(DATASET CONTENT):
-=-=-
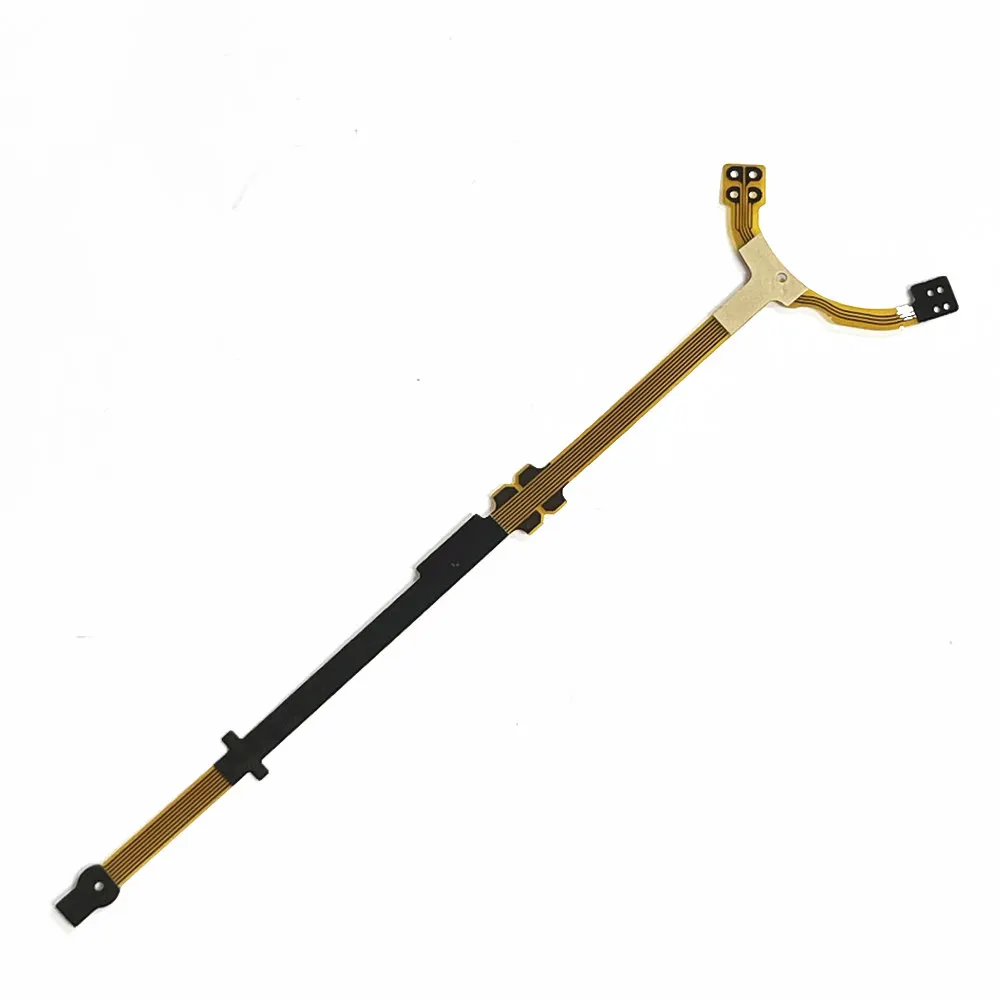 NEW 55-250 4-5.6 STM Lens Aperture Flex Cable FPC For Canon EF-S 55-250mm F4-5.6 IS STM Camera Repair Part Unit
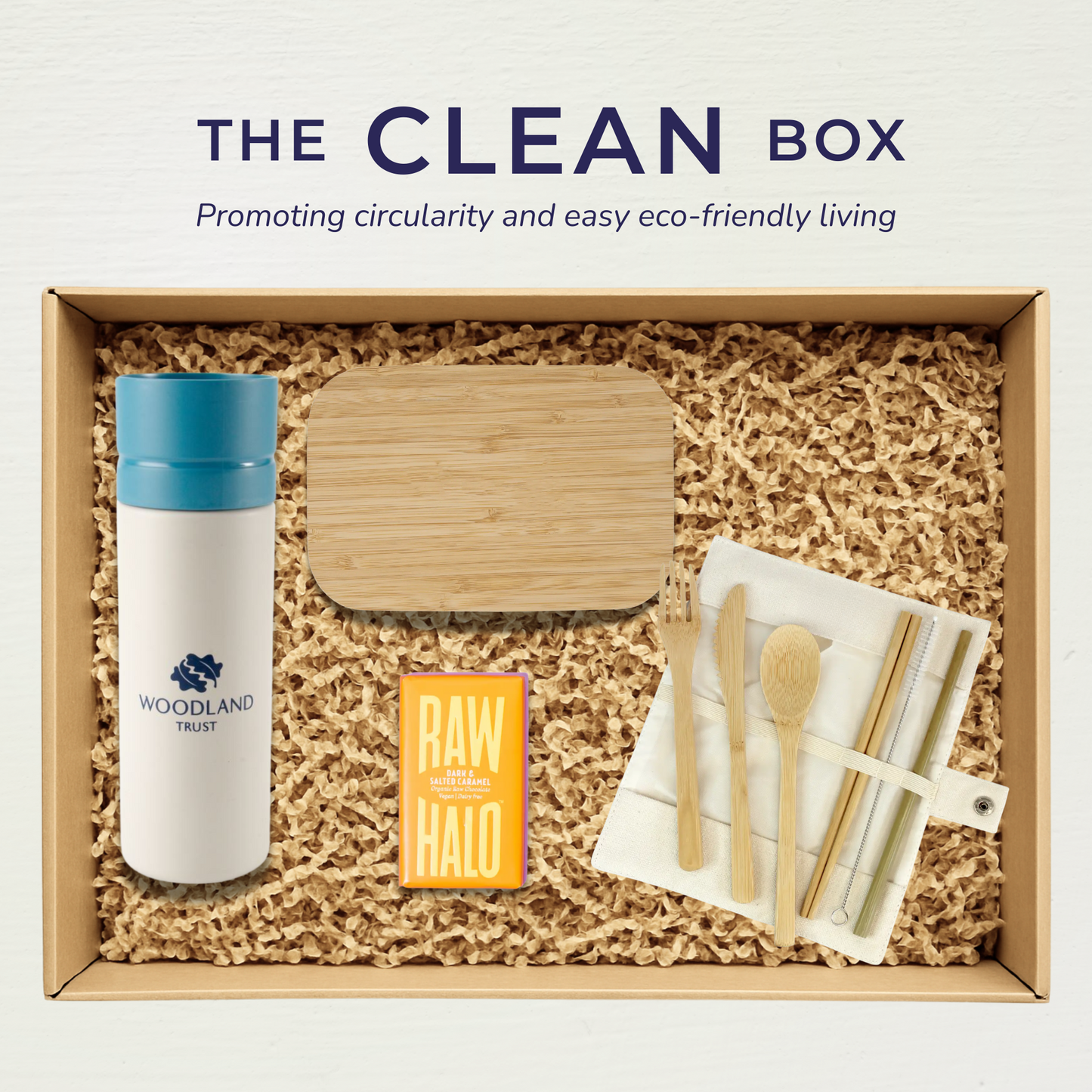 The Clean Box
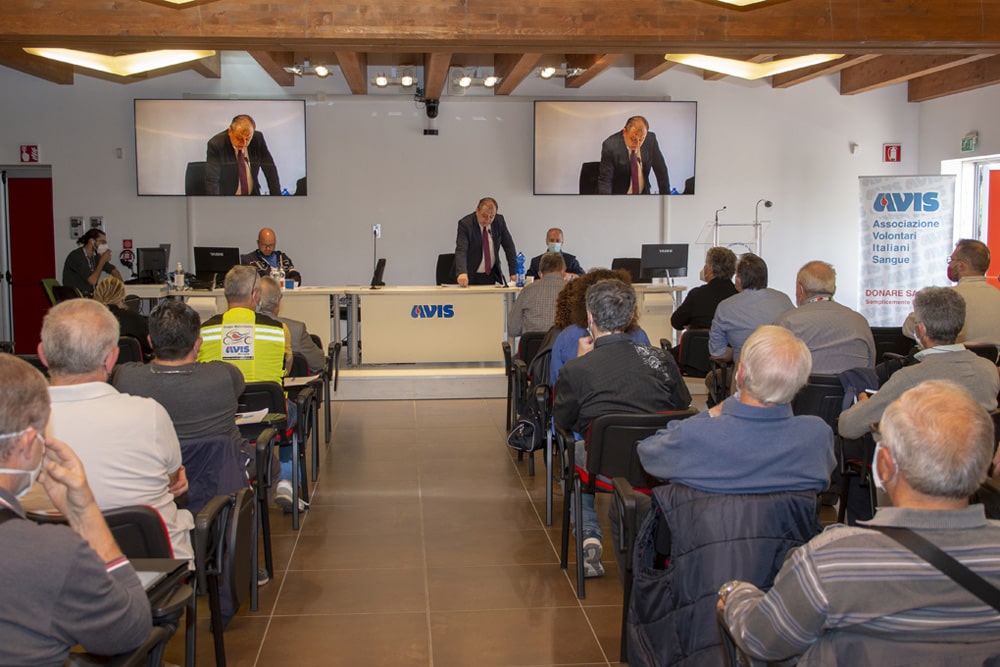Assemblea Avis Provinciale 22 Maggio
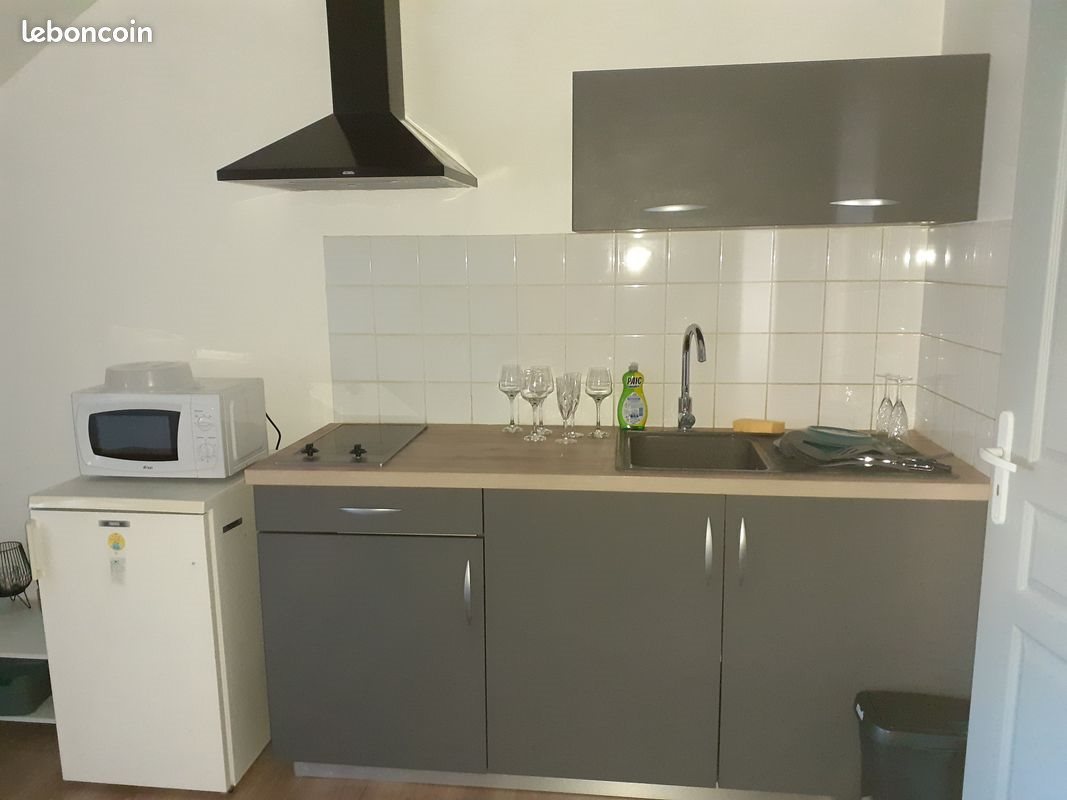 Appartement à louer, 22m², Fougères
-=-=-
(WHAT IS NEEDED): Begin at the line containing "The Clean Box" and write out every line to the end of the data exactly. Skip the pictures.

(EXERCISE SOLUTION):
 The Clean Box
Assemblea Avis Provinciale 22 Maggio
 Appartement à louer, 22m², Fougères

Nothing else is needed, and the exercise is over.